● **WHAT YOU ARE ASKED TO DO**:
Among the entries below, the lines from the one with "Kiev, Ukraine International" up to and including the one with "SAFAVIEH Cambridge CAM134M" are to be restated exactly, without pictures.

● **LISTED ENTRIES**:
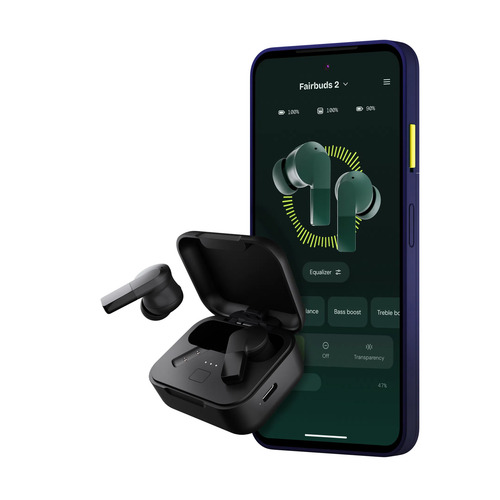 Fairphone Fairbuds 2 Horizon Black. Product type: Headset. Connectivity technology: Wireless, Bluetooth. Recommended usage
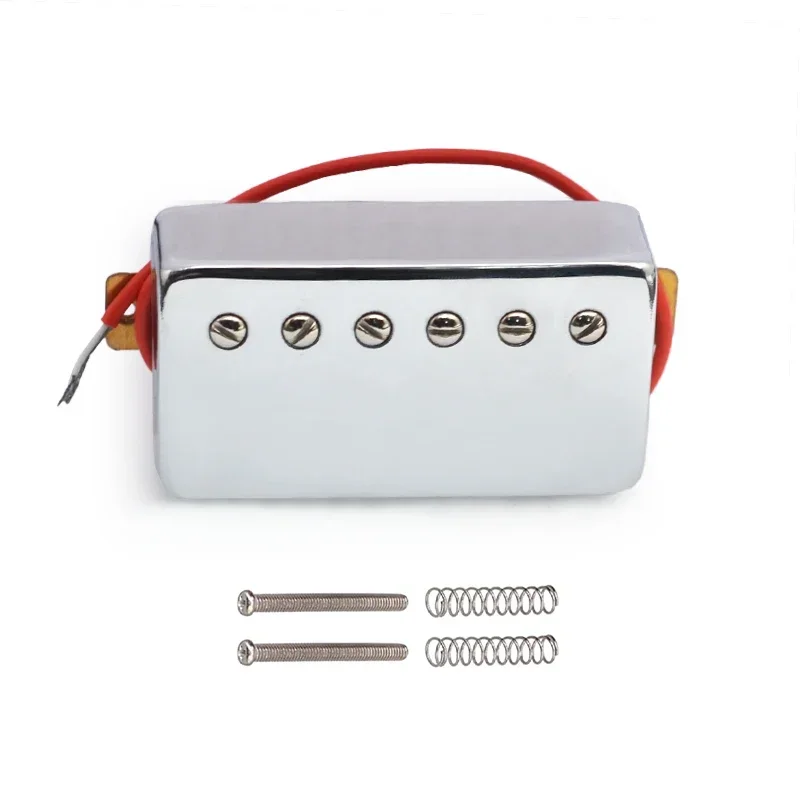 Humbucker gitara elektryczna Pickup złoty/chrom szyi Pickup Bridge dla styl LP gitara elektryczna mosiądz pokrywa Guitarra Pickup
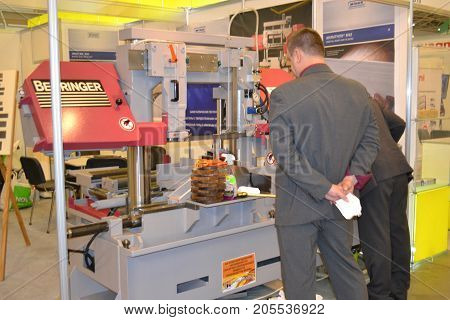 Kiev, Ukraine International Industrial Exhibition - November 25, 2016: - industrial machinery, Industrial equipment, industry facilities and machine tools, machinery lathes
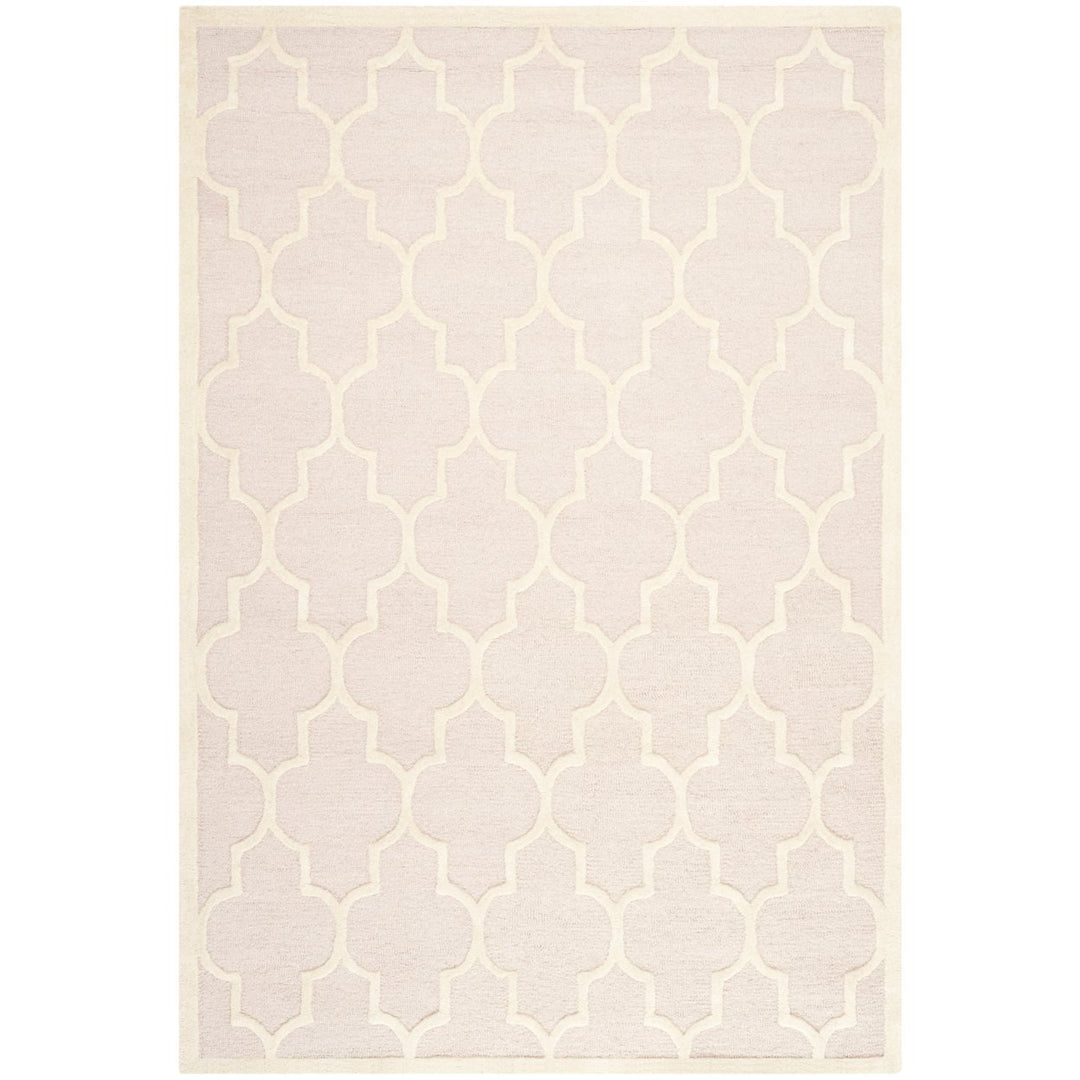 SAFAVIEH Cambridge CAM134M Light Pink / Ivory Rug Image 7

--

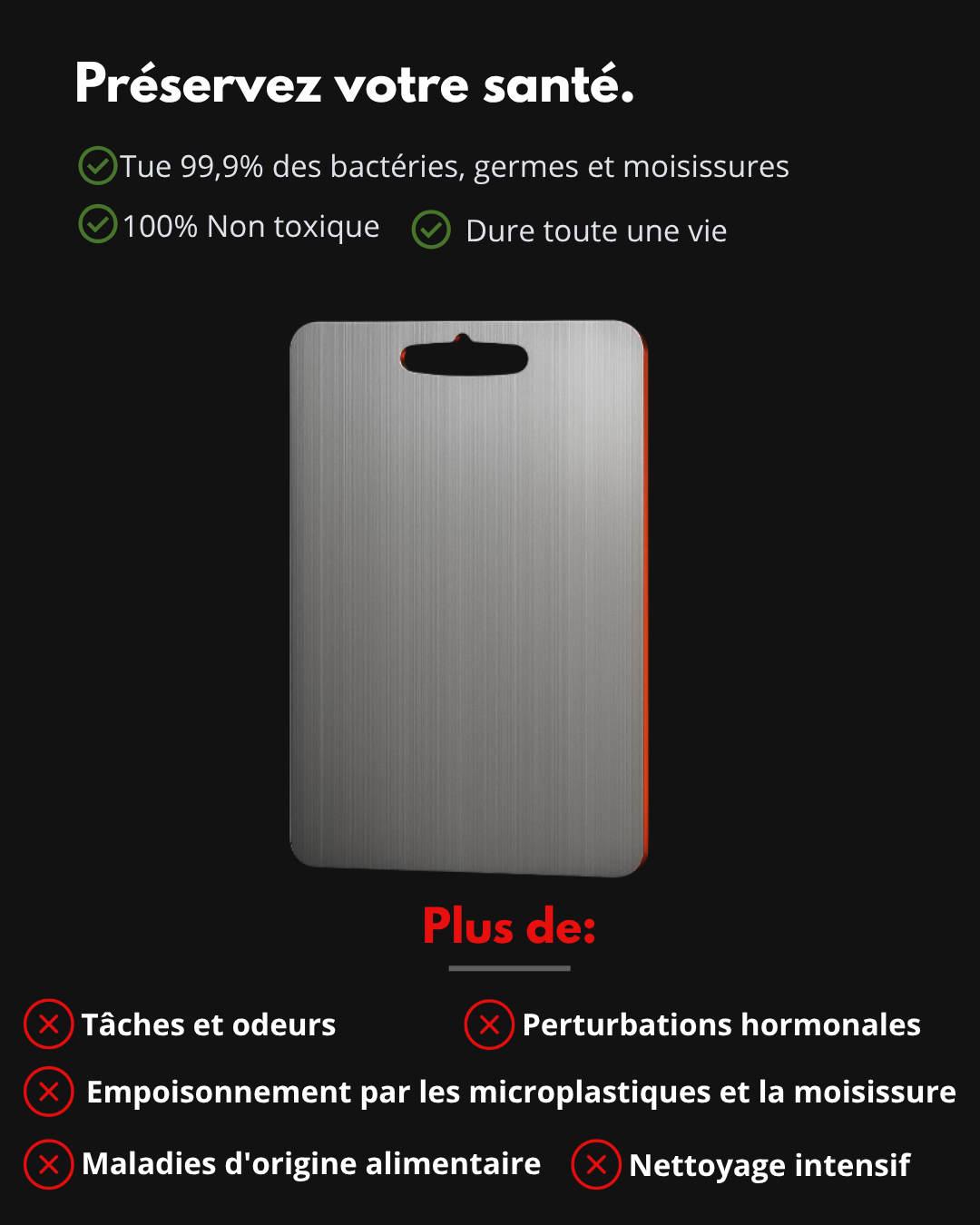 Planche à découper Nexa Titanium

● **TASK RESULT**:
 Kiev, Ukraine International Industrial Exhibition - November 25, 2016: - industrial machinery, Industrial equipment, industry facilities and machine tools, machinery lathes
 SAFAVIEH Cambridge CAM134M Light Pink / Ivory Rug Image 7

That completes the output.